KC's Crab Rounds -- Trapper's Creek Smoking Company Shopping Cart
KC's Crab Rounds
KC Dochtermann is the Export Program Director at the Alaska Seafood Marketing Institute. He is very generous to share his delicious crab rounds recipe with us. Boy is it good, thank you KC!
1/4 cup of butter
1/2 quart of chopped leeks (a little green onion too)
1/2 cup of flour
3/4 quarts of whole milk
1/2 quart of heavy cream
1/2 cup of sour cream or cream cheese
1-1/2 cups of Shredded Parmesan
1/8 cup of fresh thyme
1/3 teaspoon of grated nutmeg
Dash of salt, pepper and paprika
1 clove of garlic (or two if you like)
1 dozen sourdough rounds (small ones)
5 lbs. of crab meat
1. Cut tops off of sourdough rounds and hollow out.

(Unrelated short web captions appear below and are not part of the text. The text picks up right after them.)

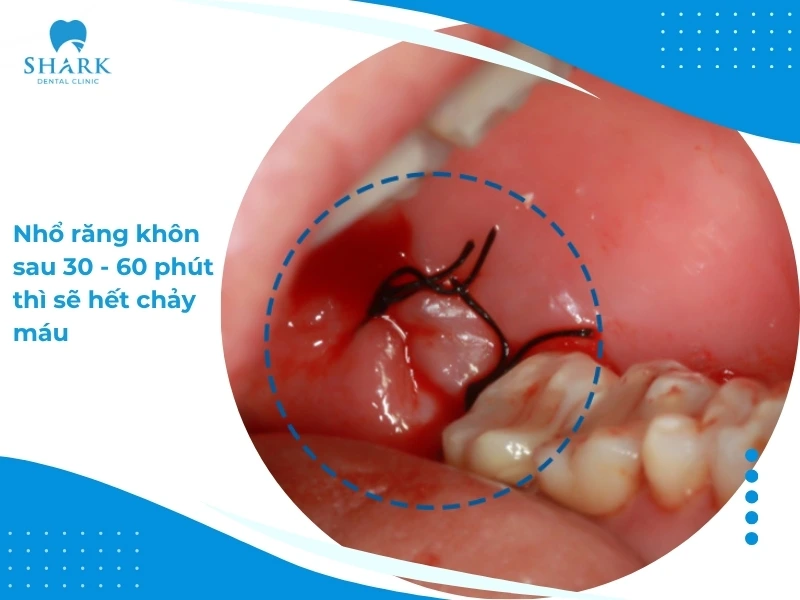 Mẹo cầm máu sau khi nhổ răng khôn đúng cách và an toàn 12 Nhổ răng khôn với tình trạng 1 chân răng thì thời gian cầm máu sẽ từ 30-60 phút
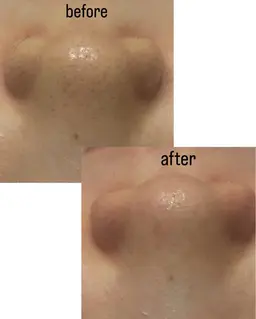 毛穴洗浄➕プラセンタ導入【お顔マッサージ付き✨】❗️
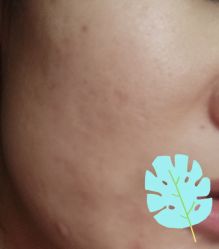 -西安伊美尔医疗美容医院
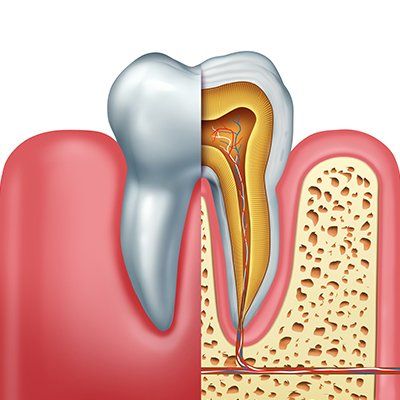 Human Root Canal Treatment — Newton, SA — Arena Dental
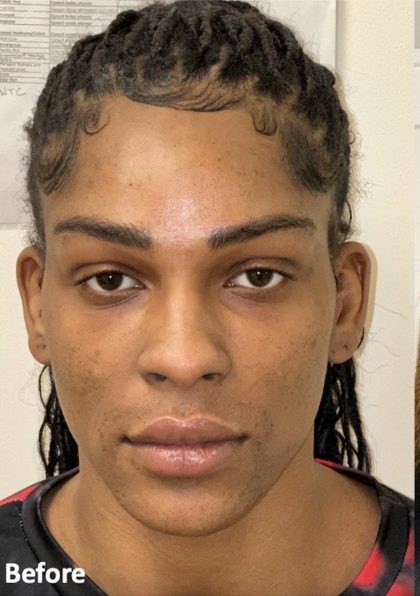 Facial Feminization Before & After Patient #2210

2. Melt butter in a large saucepan over medium heat; add leeks. Sauté, stir for 5 minutes.
3. Stir in flour, cook and stir for 3 minutes
4. Add milk, cream, garlic; cook, stirring until sauce thickens.
5. Add cream cheese, thyme and nutmeg; cook, stirring until cheeses melt. Season with salt and pepper
6. Cover and keep sauce warm until ready to use.
7. Fill each sourdough round three quarters full with crabmeat. Pour sauce mix over meat, filling to top. Cover top with generous amounts of shredded parmesan. Place on cookie sheet in oven; heat for 5 minutes at 400 degrees, then finish on broil until parmesan turns brown.